I have a bunch of cheap buck (I think) converters that do 6-20V input and 5V output; and I want to use one powered by a 24V PSU (this is for a 3D printer).
The current draw of the 5V system should be comparatively low, and constant, but the main supply will vary quite a bit in draw. as the regulator can deal with 6-20 volts I wonder if I can 'scale down' or 'clamp' the supplied power via a simple voltage divider?
I know that usually this is a solid 'No' as voltage drop varies according to current draw, but in my case:
- I need only target a range of voltages between 6-20V versus a single stable voltage
- The input to this is a regulated power supply, which should stabilize the voltage (which transitively stabilizes the current, right?), and I expect this should help.
What about some arrangement with Zener diodes? As I look this up mid-post, it seems along the lines of what I am looking for (i.e. something I can throw together with simple passives I am likely to have or can find in scraps): https://en.wikipedia.org/wiki/Zener_diode#Voltage_shifter
But power supplies and analog electronics always surprise me with their subtlety and I don't trust myself enough to know, so would something like the above work, or should I just buy different DC-DC converters and call it a day?

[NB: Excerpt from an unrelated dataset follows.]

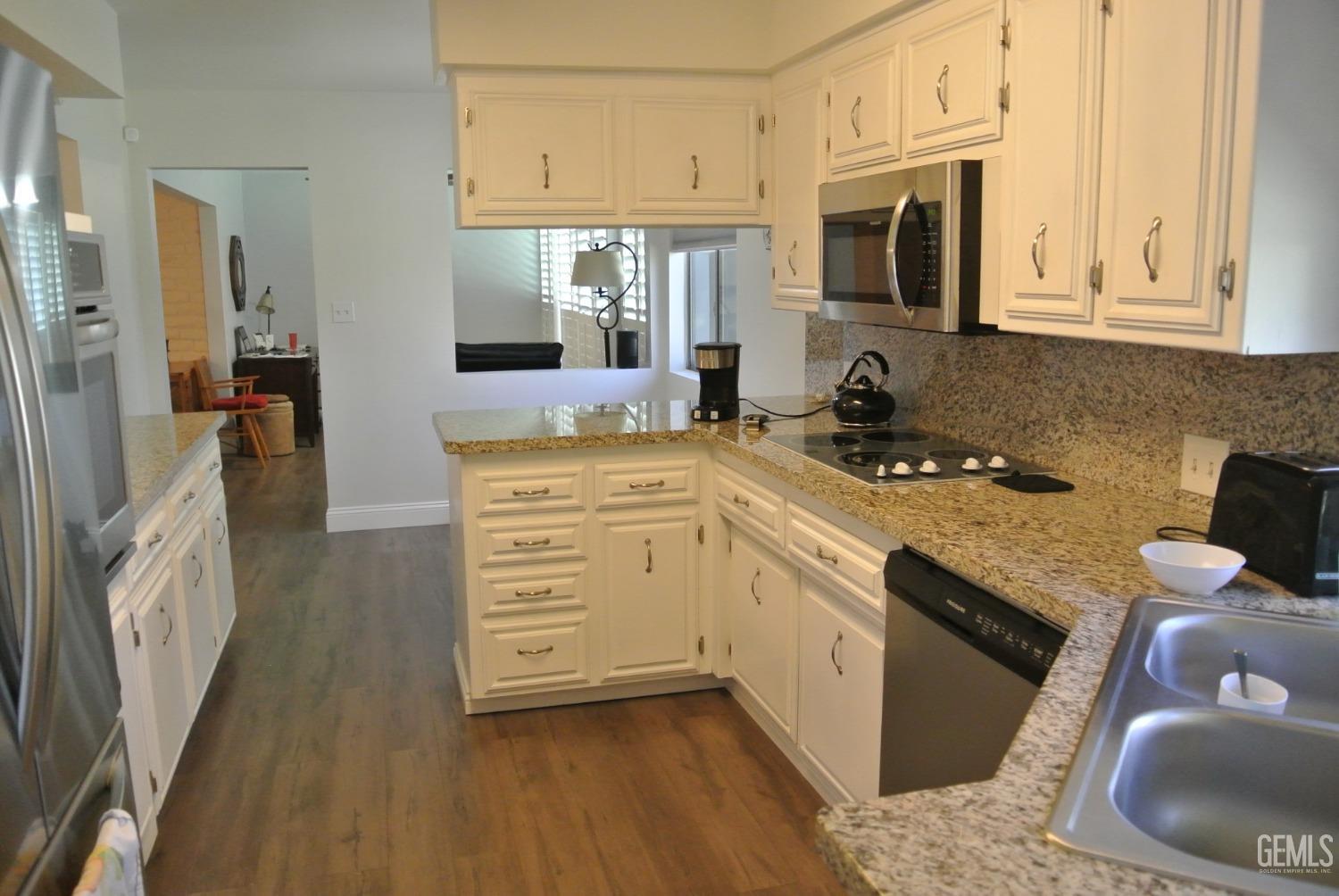 5804 Cypress Point Drive — photo 8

-- new edits as of 2022-12-17 --
Also, I have a bag of these 6-20v -> 5v converters, could I hook two up in series (or otherwise passively arranged) to get effectively 10v per input, but hook their outputs up in parallel?
I will have to dig up the specs on these converters and the power supply, I was more curious if there were generally applicable approaches to this problem given the circumstances (more or less regulated power on each side of the converter).